PSYCHIATRIC / ENDOCRINE

• PMDD with cyclic suicidal ideation

  Active

  Cycle days 25–30: predictable biochemically mediated crash — SI, loss of function, dissociation, brain fog, severe GI cramping. Mira: progesterone drops sharply >50 → <2 on those exact days. Likely driven by allopregnanolone at GABA receptors — neurosteroid disorder, not thought disorder. Resolves when hormones shift. Formally untreated for years. After starting the H1/H2/quercetin protocol, the progesterone curve changed for the first time in her documented history — gentle taper instead of cliff drop — zero PMDD symptoms.

  “If this holds, one protocol treats MCAS, PMDD, and the SI together. That's the outcome measure. That's the win condition.”

CARE HISTORY

• 30-month primary care gap

  Foundational

  Eight providers across the odyssey. Most recent termination: prior PCP said 'nothing you could have done' and then sent a non-compliance termination letter. The list of alternative clinics included two that had already rejected her. 40 cold calls, 40 nos. Seven specifically denied montelukast despite a written advocacy letter and photographic evidence. One charted MCAS as a self-diagnosis. The practice before that folded when the founder withdrew. The one before that (Swedish Bainbridge) closed. Every care relationship she invested in was removed by a system failure she did not cause. Consequences: expired meds without supervision, deferred screening, unmonitored cardiac progression, flares managed alone at home.
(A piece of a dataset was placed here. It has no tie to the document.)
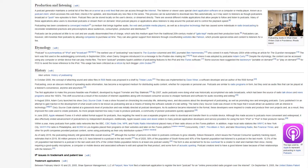As of early 2019, the podcasting industry still generated little overall revenue, although the number of persons who listen to podcasts continues to grow steadily. Edison Research, which issues the Podcast Consumer Quarterly Tracking Report, estimates that in 2019, 90 million persons in the U.S. have listened to a podcast in the last month.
• Uncharacterized peripheral edema

  Diagnostic gap

  Bilateral dependent foot erythema with heat exposure, present for years. Observed by nurses. Dismissed or undocumented by physicians. Never characterized as vascular, mast-cell mediator, autonomic, or venous insufficiency. With POTS, MCAS, and fibrinogen 583, persistent bilateral lower-extremity findings are not cosmetic. Never photographed by a provider, never measured, never on a problem list, never worked up.

• Exercise capacity mischaracterized

  Reframe required

  Prior athletic performance — including half-marathon completion — was achieved by overriding autonomic dysfunction, not by cardiovascular reconditioning. Pushed through tach, dizziness, exercise intolerance on pain tolerance, not by training the system into a healthier resting state. Prior performance cannot be used as fitness evidence for labor risk assessment. Pain tolerance is a labor asset; it is not cardiac safety data. The CHOP Modified Dallas Protocol now in progress is designed to generate actual reconditioning data — sequential longitudinal autonomic improvement tracked via the Dragon's Path companion app, physician-ready reports for the September 2026 reestablishment.